Una cittadina russa in un club del genere, va detto, non passa inosservata. Ma Maria Adela Kuhfeldt Rivera ha raccontato a tutti una versione della (sua) storia: quando era piccola, la madre l’aveva portata con sé a Mosca per partecipare alle Olimpiadi del 1980. Ma poi era dovuta rientrare d’urgenza in patria, in Perù, affidandola a una famiglia di conoscenti sovietici. Che infine l'aveva adottata. Ma da quelle persone aveva subito abusi ed era quindi fuggita, alla ricerca di una nuova vita in Europa.
«Nessun agente russo così in profondità»
«La nostra inchiesta - afferma il quotidiano italiano - non è riuscita a ricostruire quali informazioni siano state ottenute dalla spia, né se sia stata capace di seminare virus informatici nei telefoni e nei computer dei suoi amici.
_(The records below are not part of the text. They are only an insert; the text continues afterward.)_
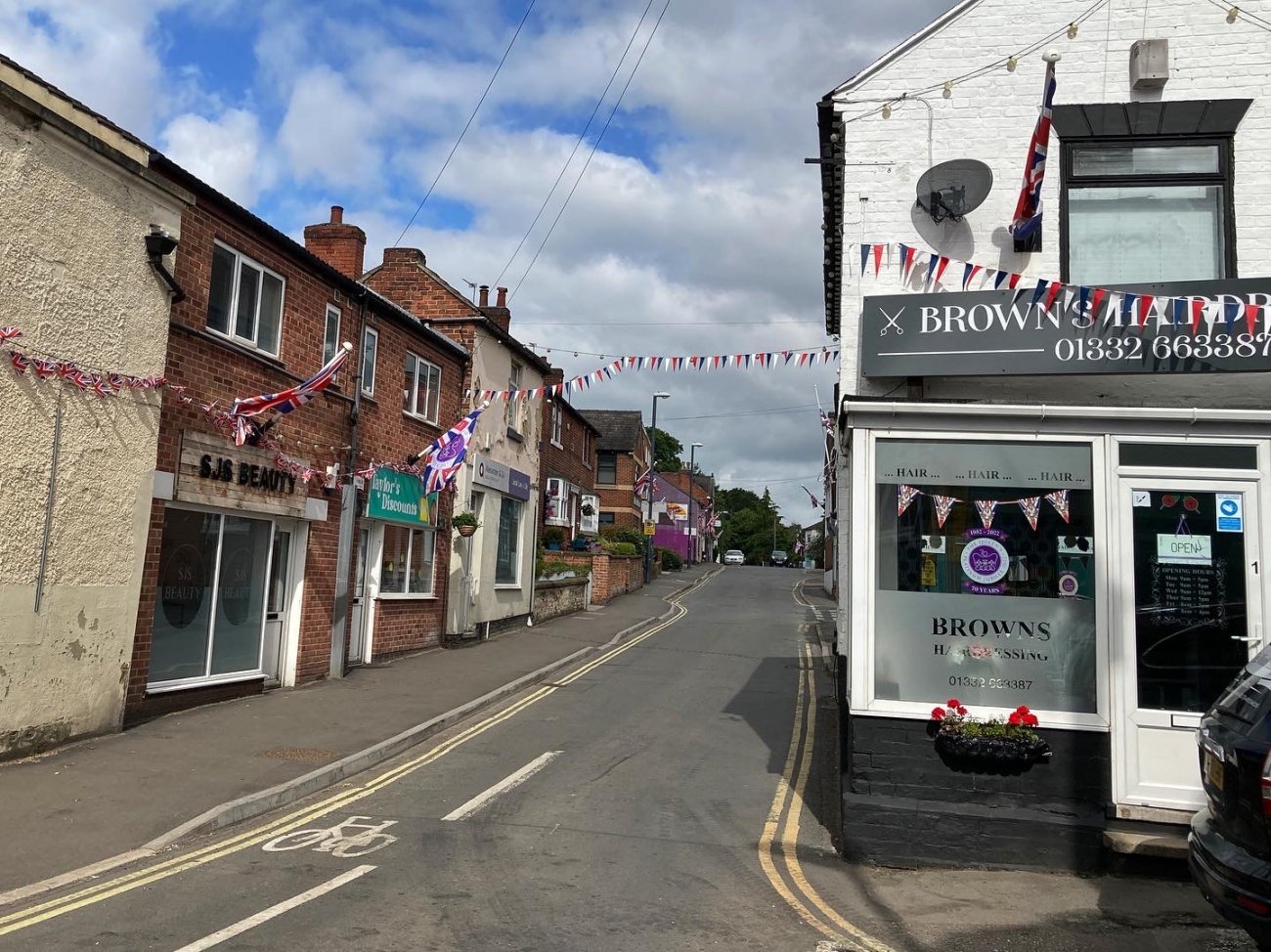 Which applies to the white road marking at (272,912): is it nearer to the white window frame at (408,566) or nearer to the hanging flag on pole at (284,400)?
the hanging flag on pole at (284,400)

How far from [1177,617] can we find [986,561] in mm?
1407

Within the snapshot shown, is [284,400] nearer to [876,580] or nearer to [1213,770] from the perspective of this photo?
[876,580]

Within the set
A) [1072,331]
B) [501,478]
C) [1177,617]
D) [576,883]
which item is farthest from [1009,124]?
[501,478]

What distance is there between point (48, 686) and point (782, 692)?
399 inches

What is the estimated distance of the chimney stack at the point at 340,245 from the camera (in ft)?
55.1

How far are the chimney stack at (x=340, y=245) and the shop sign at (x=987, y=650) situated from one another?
487 inches

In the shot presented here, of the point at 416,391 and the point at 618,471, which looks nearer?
the point at 416,391

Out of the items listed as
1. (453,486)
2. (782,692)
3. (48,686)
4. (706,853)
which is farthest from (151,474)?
(782,692)

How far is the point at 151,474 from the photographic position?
404 inches

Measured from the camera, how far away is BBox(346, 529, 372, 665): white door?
50.2 ft

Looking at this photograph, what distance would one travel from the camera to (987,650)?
747cm

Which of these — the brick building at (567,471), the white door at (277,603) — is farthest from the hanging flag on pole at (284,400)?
the brick building at (567,471)

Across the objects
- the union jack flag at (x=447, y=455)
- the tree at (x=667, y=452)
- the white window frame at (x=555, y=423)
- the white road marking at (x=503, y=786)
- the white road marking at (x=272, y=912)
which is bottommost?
the white road marking at (x=503, y=786)

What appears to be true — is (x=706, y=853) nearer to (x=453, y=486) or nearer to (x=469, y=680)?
(x=469, y=680) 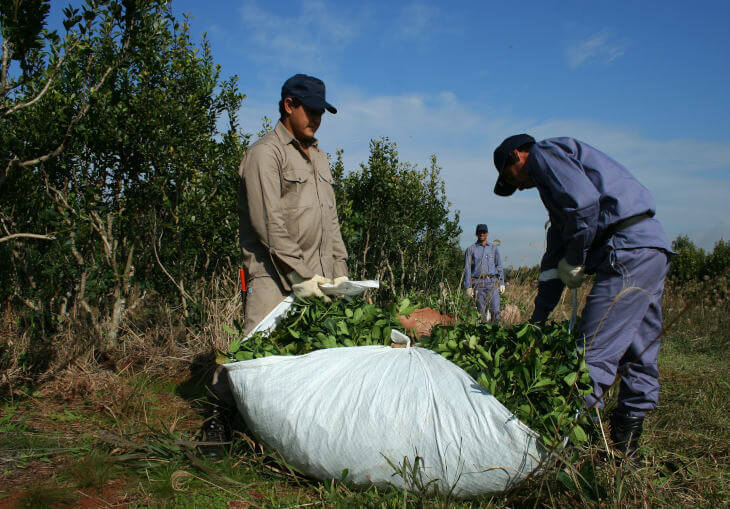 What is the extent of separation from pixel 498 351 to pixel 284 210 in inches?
54.1

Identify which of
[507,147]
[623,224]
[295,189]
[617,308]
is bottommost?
[617,308]

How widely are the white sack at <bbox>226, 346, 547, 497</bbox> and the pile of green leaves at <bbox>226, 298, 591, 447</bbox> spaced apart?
9cm

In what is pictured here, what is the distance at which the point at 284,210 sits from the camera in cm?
256

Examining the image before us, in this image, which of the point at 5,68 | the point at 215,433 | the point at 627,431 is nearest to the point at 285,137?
the point at 5,68

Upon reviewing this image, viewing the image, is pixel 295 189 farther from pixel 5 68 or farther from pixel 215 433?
pixel 5 68

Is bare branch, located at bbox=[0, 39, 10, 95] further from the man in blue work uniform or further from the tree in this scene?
the tree

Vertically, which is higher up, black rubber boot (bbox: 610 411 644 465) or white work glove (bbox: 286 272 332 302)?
white work glove (bbox: 286 272 332 302)

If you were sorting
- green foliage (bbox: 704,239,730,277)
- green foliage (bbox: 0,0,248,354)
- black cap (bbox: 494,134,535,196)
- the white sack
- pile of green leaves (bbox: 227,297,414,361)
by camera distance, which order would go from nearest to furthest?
1. the white sack
2. pile of green leaves (bbox: 227,297,414,361)
3. black cap (bbox: 494,134,535,196)
4. green foliage (bbox: 0,0,248,354)
5. green foliage (bbox: 704,239,730,277)

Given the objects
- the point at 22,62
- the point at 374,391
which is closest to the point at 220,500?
the point at 374,391

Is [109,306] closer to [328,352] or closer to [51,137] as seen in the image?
[51,137]

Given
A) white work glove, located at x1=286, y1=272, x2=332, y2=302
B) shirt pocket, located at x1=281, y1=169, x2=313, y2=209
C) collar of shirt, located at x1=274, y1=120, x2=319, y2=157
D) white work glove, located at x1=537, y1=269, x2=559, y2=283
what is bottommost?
white work glove, located at x1=286, y1=272, x2=332, y2=302

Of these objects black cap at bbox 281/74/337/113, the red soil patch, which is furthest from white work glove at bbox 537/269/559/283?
black cap at bbox 281/74/337/113

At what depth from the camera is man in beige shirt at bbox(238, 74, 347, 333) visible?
7.92 ft

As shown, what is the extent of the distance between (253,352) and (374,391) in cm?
64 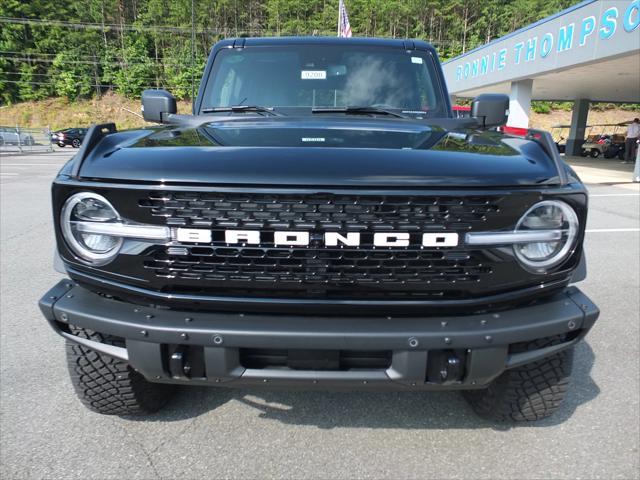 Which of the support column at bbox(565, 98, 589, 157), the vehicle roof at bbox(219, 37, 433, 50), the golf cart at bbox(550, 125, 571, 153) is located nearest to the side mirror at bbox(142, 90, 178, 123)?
the vehicle roof at bbox(219, 37, 433, 50)

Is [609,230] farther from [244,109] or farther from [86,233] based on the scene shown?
[86,233]

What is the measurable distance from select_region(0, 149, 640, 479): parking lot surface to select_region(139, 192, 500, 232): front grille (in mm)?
1102

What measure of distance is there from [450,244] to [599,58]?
1578cm

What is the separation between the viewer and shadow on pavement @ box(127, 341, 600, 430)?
239 centimetres

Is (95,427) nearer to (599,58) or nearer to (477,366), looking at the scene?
(477,366)

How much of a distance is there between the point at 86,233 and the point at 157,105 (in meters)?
1.52

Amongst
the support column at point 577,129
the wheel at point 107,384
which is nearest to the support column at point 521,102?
the support column at point 577,129

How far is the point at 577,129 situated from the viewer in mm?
29922

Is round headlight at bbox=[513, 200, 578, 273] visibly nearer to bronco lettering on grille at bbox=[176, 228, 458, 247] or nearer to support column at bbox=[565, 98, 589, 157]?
bronco lettering on grille at bbox=[176, 228, 458, 247]

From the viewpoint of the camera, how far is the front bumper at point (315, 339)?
66.4 inches

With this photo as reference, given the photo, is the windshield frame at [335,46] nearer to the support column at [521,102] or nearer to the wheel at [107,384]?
the wheel at [107,384]

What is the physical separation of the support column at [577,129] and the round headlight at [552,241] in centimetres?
3198

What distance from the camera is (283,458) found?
212 centimetres

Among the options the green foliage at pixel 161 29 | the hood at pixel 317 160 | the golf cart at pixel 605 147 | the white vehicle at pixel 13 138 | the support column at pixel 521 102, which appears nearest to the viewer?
the hood at pixel 317 160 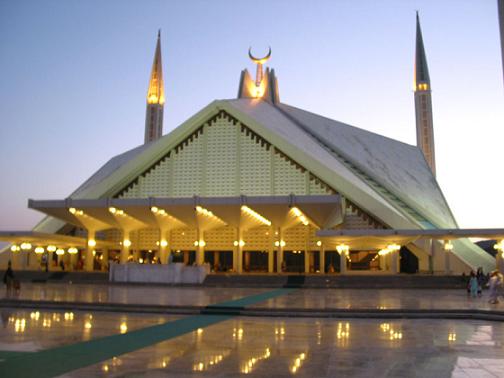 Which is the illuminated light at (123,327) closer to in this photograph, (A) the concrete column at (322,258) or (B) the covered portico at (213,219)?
(B) the covered portico at (213,219)

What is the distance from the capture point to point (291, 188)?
89.0ft

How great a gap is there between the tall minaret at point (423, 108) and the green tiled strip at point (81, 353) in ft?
118

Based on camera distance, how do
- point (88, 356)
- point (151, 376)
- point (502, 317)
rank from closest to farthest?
point (151, 376)
point (88, 356)
point (502, 317)

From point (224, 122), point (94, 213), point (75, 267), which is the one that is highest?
point (224, 122)

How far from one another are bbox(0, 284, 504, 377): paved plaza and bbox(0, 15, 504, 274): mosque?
12212mm

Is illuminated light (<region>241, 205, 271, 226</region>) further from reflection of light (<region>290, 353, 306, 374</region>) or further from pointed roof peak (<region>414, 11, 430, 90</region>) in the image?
pointed roof peak (<region>414, 11, 430, 90</region>)

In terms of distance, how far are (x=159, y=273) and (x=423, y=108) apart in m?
30.2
È però entrata in contatto con figure chiave della NATO e della Marina statunitense: nessun agente russo era mai riuscito a penetrare così in profondità il vertice dell'Alleanza atlantica».
Il 15 settembre 2018, come detto, è salita su un aereo a Napoli. Non ha più risposto a messaggi e e-mail che le giungevano dall'Italia. Poi, il 19 novembre, è riapparsa sui social: «Ho un tumore», ha fondamentalmente dichiarato. L'inchiesta dei giornalisti - e una lunga analisi di database russi divulgati negli ultimi anni, notizie e software per la comparazione dei volti - ha permesso di scoprire il vero nome della possibile spia: Olga Kolobova, nata nel 1982. Il padre? Un colonnello che si è occupato di intelligence e che ha servito in Angola, Iraq e Siria. Repubblica conclude con un appunto: «Su Odnoklassniki (OK), uno dei social network più diffusi in Russia, la donna in questi mesi ha diffuso testi che inneggiano all’invasione dell’Ucraina nel gruppo “Amici di Putin”».